In addition to his work in the United States, Nowlan was also commissioned for several works in the Republic of Ireland. He created a commemorative plaque of Augustus Saint-Gaudens, which was placed in Dublin. He also crafted two relief portraits commissioned by the town of Carrick, County Donegal.

Nowlan also created the award statuettes for the ESPN ESPY Awards and the now defunct My VH1 Music Awards.

In April 2013, Nowlan, a native Philadelphian, was selected by the city of Philadelphia to create a statue of one of the city's best known sports figures, the late professional boxer and world heavyweight champion Joe Frazier. Nowlan had previously designed a well-known bronze statue of Harry Kalas, which was installed in the Citizen Bank Park in 2011. In a May 2013 interview with the Rutland Herald, unveiled his planned design for the Frazier statue, which was intended to stand 8-feet tall and weigh 800 pounds.

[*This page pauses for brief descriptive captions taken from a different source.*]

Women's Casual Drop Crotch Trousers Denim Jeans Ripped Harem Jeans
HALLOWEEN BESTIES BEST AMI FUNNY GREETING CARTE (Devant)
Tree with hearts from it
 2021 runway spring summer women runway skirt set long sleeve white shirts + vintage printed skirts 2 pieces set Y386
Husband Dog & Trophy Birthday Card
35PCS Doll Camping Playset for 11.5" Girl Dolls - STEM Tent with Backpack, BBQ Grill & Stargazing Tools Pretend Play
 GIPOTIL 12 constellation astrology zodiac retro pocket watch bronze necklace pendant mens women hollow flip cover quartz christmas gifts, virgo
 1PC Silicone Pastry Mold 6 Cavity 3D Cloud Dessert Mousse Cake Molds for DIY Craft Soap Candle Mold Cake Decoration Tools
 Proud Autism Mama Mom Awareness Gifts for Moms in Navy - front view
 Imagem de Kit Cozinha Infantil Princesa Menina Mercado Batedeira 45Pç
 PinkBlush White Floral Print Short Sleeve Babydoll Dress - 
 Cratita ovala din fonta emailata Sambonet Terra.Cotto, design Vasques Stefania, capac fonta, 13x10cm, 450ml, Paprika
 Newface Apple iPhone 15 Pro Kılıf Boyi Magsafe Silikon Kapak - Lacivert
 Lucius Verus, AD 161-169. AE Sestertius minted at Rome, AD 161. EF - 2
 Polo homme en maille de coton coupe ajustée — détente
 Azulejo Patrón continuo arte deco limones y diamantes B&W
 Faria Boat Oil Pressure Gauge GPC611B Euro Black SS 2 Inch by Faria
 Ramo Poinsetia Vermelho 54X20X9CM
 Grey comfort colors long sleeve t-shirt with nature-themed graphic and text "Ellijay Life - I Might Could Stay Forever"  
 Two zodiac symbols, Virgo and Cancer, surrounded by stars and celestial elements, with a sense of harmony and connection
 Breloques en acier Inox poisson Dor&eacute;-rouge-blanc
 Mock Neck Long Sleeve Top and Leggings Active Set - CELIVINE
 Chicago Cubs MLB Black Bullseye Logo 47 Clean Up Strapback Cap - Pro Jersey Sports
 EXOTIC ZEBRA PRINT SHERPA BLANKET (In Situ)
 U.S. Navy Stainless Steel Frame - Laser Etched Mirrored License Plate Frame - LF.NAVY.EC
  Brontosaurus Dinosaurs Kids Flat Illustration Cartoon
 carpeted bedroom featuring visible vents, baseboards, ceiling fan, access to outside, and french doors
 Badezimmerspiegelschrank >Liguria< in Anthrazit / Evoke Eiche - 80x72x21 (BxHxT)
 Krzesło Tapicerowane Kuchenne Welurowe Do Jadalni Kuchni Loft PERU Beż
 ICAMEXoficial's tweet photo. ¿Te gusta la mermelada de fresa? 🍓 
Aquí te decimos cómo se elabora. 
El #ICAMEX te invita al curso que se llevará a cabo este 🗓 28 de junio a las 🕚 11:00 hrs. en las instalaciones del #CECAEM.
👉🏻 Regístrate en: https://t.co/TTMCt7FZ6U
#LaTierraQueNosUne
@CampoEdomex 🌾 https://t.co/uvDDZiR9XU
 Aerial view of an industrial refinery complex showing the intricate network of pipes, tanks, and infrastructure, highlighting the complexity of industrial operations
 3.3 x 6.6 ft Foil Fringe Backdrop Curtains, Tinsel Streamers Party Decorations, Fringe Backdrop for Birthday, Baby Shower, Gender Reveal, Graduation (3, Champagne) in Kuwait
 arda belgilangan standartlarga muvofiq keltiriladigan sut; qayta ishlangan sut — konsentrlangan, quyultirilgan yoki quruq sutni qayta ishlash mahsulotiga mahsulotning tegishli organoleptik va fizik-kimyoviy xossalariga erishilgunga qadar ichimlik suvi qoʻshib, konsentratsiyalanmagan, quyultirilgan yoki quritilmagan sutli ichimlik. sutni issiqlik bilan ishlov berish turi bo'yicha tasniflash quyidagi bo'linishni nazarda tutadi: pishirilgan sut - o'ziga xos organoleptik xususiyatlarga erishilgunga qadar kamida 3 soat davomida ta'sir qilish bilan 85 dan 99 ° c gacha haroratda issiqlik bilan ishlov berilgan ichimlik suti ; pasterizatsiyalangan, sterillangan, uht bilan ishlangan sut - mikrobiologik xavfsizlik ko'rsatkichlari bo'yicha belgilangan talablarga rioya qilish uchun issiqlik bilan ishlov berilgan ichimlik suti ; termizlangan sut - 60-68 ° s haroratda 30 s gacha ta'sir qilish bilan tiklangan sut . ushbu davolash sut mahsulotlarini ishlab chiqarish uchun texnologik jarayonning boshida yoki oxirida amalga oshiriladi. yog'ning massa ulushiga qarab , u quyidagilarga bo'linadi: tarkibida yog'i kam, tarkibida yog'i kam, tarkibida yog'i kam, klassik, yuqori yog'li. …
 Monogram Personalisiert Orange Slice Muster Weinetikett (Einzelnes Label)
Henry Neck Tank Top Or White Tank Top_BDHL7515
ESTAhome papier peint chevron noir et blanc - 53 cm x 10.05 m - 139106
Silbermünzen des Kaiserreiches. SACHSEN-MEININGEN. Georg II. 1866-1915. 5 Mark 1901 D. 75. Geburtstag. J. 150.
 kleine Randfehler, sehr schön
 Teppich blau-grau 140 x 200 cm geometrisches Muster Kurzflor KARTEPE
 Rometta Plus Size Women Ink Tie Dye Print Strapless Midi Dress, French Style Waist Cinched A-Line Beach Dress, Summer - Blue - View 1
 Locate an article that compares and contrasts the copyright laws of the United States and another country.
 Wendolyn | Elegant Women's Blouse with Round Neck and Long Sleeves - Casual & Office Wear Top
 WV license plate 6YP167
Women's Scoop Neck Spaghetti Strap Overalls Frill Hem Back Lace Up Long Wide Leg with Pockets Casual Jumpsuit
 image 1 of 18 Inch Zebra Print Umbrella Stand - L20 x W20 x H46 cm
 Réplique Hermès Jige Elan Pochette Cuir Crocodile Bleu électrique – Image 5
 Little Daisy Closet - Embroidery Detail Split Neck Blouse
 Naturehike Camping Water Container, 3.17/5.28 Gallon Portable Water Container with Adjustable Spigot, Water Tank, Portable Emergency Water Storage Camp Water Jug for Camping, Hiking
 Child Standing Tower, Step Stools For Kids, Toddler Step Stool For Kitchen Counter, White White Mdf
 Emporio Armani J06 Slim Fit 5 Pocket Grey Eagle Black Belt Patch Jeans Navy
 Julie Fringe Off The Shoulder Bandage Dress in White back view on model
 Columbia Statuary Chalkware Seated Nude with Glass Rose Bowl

Nowlan designed the statue to depict Frazier with the left hook he used to knock out his opponent, Muhammad Ali, and win the 1971 Fight of the Century at Madison Square Garden. When completed, it was planned that the statue would stand at the Stateside Live! in South Philadelphia.

===Death===
Nowlan died unexpectedly of natural causes at his home in Cornish, New Hampshire, on July 30, 2013, at the age of 48, before his statue of Joe Frazier was completed, "stunning" the Frazier family. Nowlan's death left the final design for the statue in question, with project managers uncertain whether another sculptor would copy Nowlan's original design. Philadelphia Mayor Michael Nutter said at the time that the city would still build the statue. Richard Hayden, the project manager for the Joe Frazier statue, called Nowlan's death a major blow, commemorating the life of a real-life boxing legend, as opposed to Rocky Balboa, a character from a movie with a statue in Philadelphia. Ultimately a statue sculpted by Philadelphia sculptor Stephen Layne was erected at Stateside Live! in 2015.

Nowlan was survived by his wife Heather, their daughter Monet and son Teelin, and his six siblings, Peter, Joseph, Jeanne, Susan, Nancy and Danielle.